3.E. Solve Trade-off problem with sparse payment changes

The motivation for this model design will be described below in the analysis

In [12]:
using JuMP, Mosek, NamedArrays
function SolveTradeoff(loan_amounts,int_rates,max_monthly_payment, λ, min_percent, min_amt)
    # approximate maximum length of amortization
    approx_max_months = Int(round(2*sum(loan_amounts)/max_monthly_payment))
    months = 1:approx_max_months
    loans = 1:length(loan_amounts)
    # convert interest rates to monthly decimals
    int_rates_m = int_rates/1200
    # turn min percent into array decimal
    min_percent = repmat([min_percent]/100,length(loan_amounts))
    # turn global min into array
    min_amt_array = repmat([min_amt],length(loan_amounts))
    # Big Ms for conditional constraints
    M1val = 1.5*maximum(loan_amounts)
    M1 = repmat([M1val],length(loan_amounts))
    M2 = repmat([2*min_amt],length(loan_amounts))

    # Creation of Model
    m = Model(solver= MosekSolver(LOG=0))

    ## Variables
    # payment[i,j] is payment made towards loan i in month j
    @variable(m, payment[loans,months] >= 0)
    # balance[i,j] is balance of loan i at the beginning of month j
    @variable(m, balance[loans,months] >= 0)
    # minpay[i,j] is the mininmum payment allowed for loan i
    # at the beginning of month j
    @variable(m, minpay[loans,months] >= min_amt)
    # z is binary variable for enforcing conditional constraint
    # for minimum payment
    @variable(m, z[loans,months], Bin)
    # diffs is the differences from 
    # month to month loan payments
    # duffs is the dummy variable for absolute value
    @variable(m, diffs[loans,1:months[end-1]])
    @variable(m, duffs[loans,1:months[end-1]])
    # total payment amount
    @expression(m, total, sum(sum(payment)))

    ## Constraints
    # interest enforcement
    for mm in 2:months[end]
        @constraint(m, balance[:,mm] .== (1+int_rates_m).*balance[:,mm-1] - payment[:,mm-1])
    end

    # initial principal constraints
    @constraint(m,init[i in loans], balance[i,1] == loan_amounts[i])
    # final payoff constraints
    @constraint(m, balance[:,months[end]] .== 0)
    # total monthly payment constraints
    @constraint(m, pay[j in months], sum(payment[i,j] for i in loans) <= max_monthly_payment)

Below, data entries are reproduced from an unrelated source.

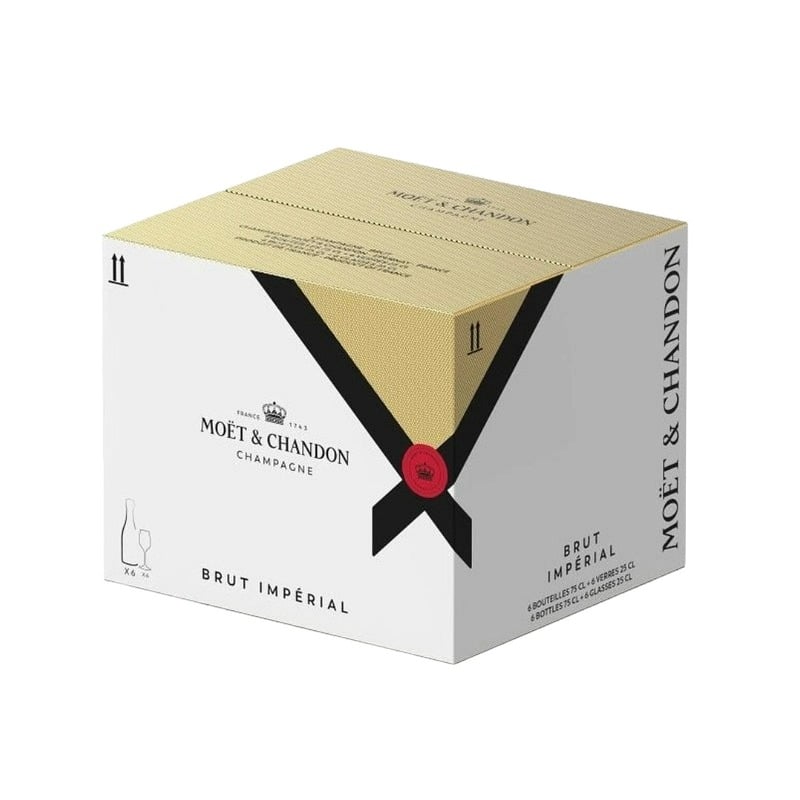 Moët Chandon Moët & Chandon Impérial Brut 6 Fliaš + 6 Pohárov, 6 x 0.75l
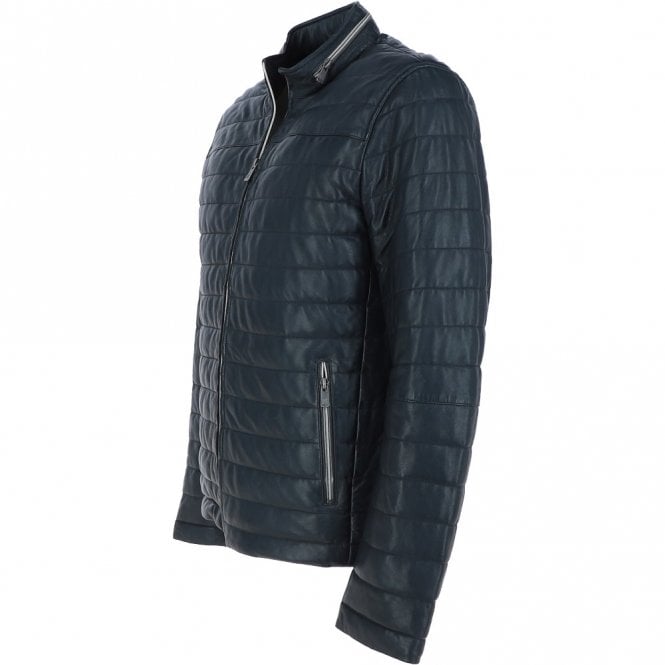 Wearloom Men Navy Blue Genuine Leather Quilted Jacket - Back View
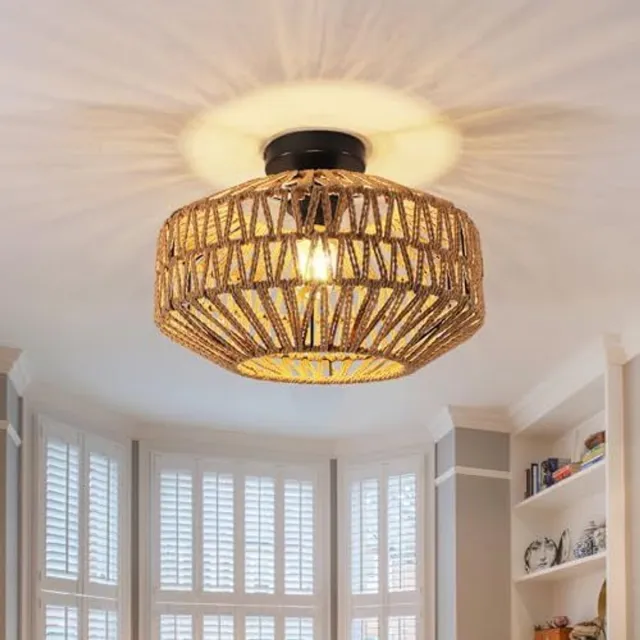 Haobosic Rotan Gevlochten - Plafondlamp - Zwarte Basis - 40x40x30cm - E27 Fitting Zonder Lichtbron Black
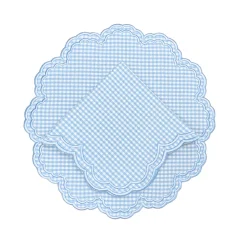 Bettina-Gingham Napkin in Blue, Set of 4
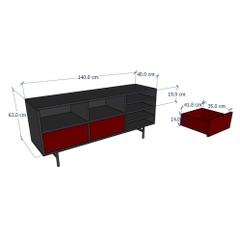 JAY, Kệ tivi, kệ để đồ, TVC_006, 140x40x63cm, Nội thất Nhà trên cao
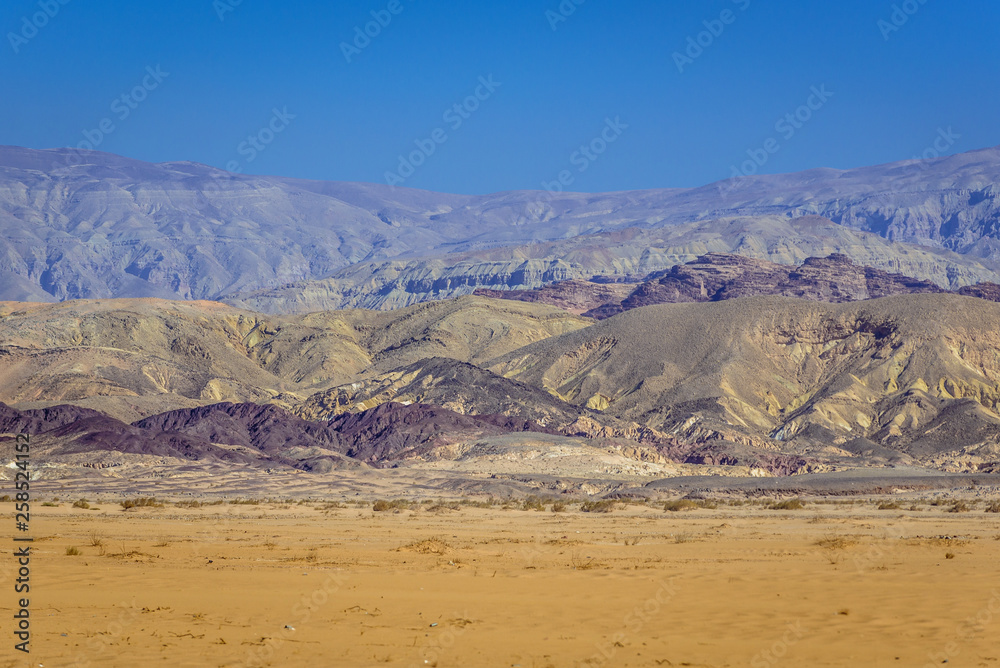 Desert landscape seen from a road 65 in Jordan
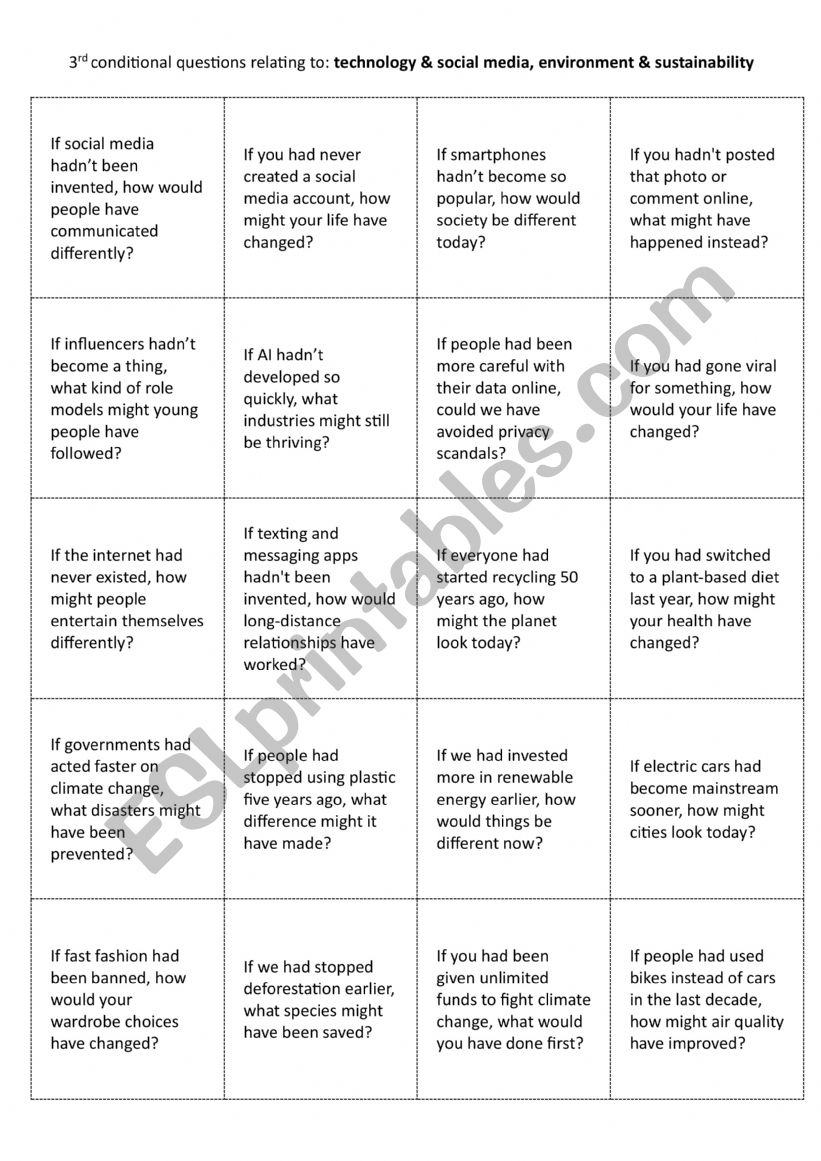 3rd conditional questions relating to technology & social media, environment & sustainability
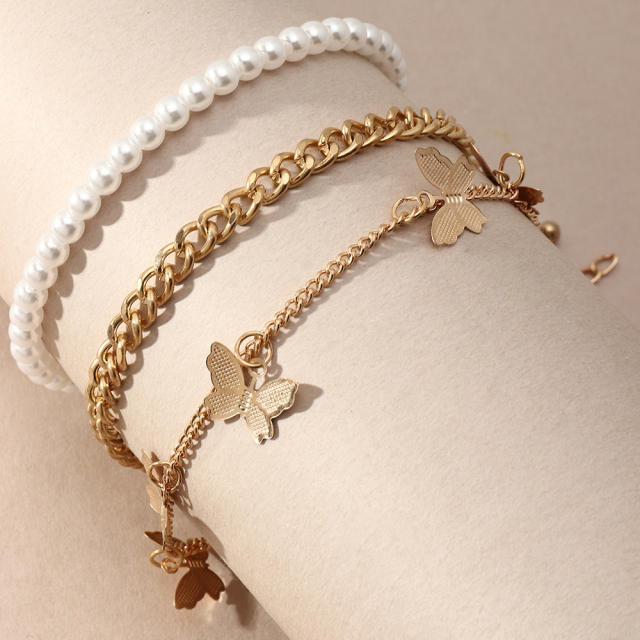 Butterfly charm pearl chain anklets 3 pieces set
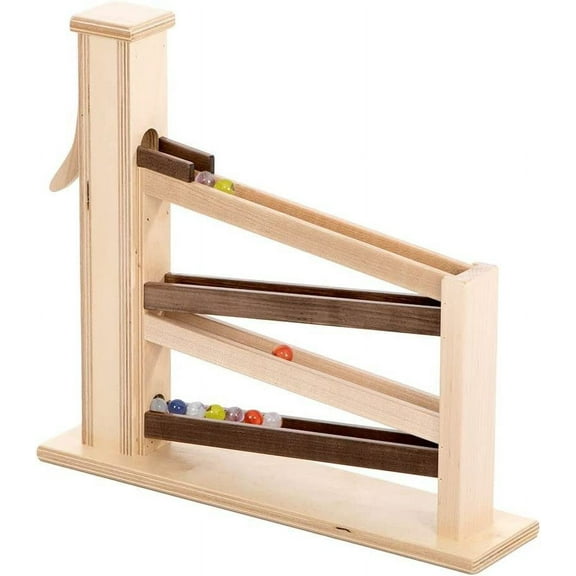 AmishToyBox.com Marble Pump Wooden Toy - Pack of Marbles Included - Walnut/Natural Finish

    # minimum monthly payment constraints
    # minimum for each loan
    for mm in months
        @constraint(m, (min_percent).*balance[:,mm] .<= payment[:,mm])
    end

    # conditional constraint: if Balance >= global minimum,
    # then Payment >= global mininum using Big-M constraints
    for mm in months
        @constraint(m, balance[:,mm] .<= min_amt_array + (M1).*(1-z[:,mm]))
        @constraint(m, min_amt_array .<= payment[:,mm] + (M2).*z[:,mm])
        @constraint(m, balance[:,mm] .<= payment[:,mm] + (M1).*(1-z[:,mm]))
    end

    # Smoothness formulation
    @constraint(m, diffcon[ll in loans, mm in 2:months[end]],
            diffs[ll,mm-1] == payment[ll,mm]-payment[ll,mm-1])
    @constraint(m, diffconL[ll in loans, mm in 1:months[end-1]],
            diffs[ll,mm] <= duffs[ll,mm])
     @constraint(m, diffconG[ll in loans, mm in 1:months[end-1]],
            diffs[ll,mm] >= -duffs[ll,mm])
    @expression(m, duffsum, sum(sum(duffs)))

    ## Objective
    # minimize total payments and differences in payments
    @objective(m, Min, total+λ*duffsum)
    
    # solve
    status = solve(m)
    
    # get objective values
    opt_total = getvalue(total)
    opt_duffsum = getvalue(duffsum)

    # get other values
    balances = [getvalue(balance[i,j]) for i in loans, j in months]
    payments = [getvalue(payment[i,j]) for i in loans, j in months]
    
    # calculate months to payoff
    balances = round.(balances,2)'
    balances[balances.<0.01] = 0
    inds = find(balances)
    subs = ind2sub.([balances], inds)
    last_month = maximum([ x[1] for x in subs ])
    
    # truncate months for displaying
    balances = balances[1:last_month+1,:]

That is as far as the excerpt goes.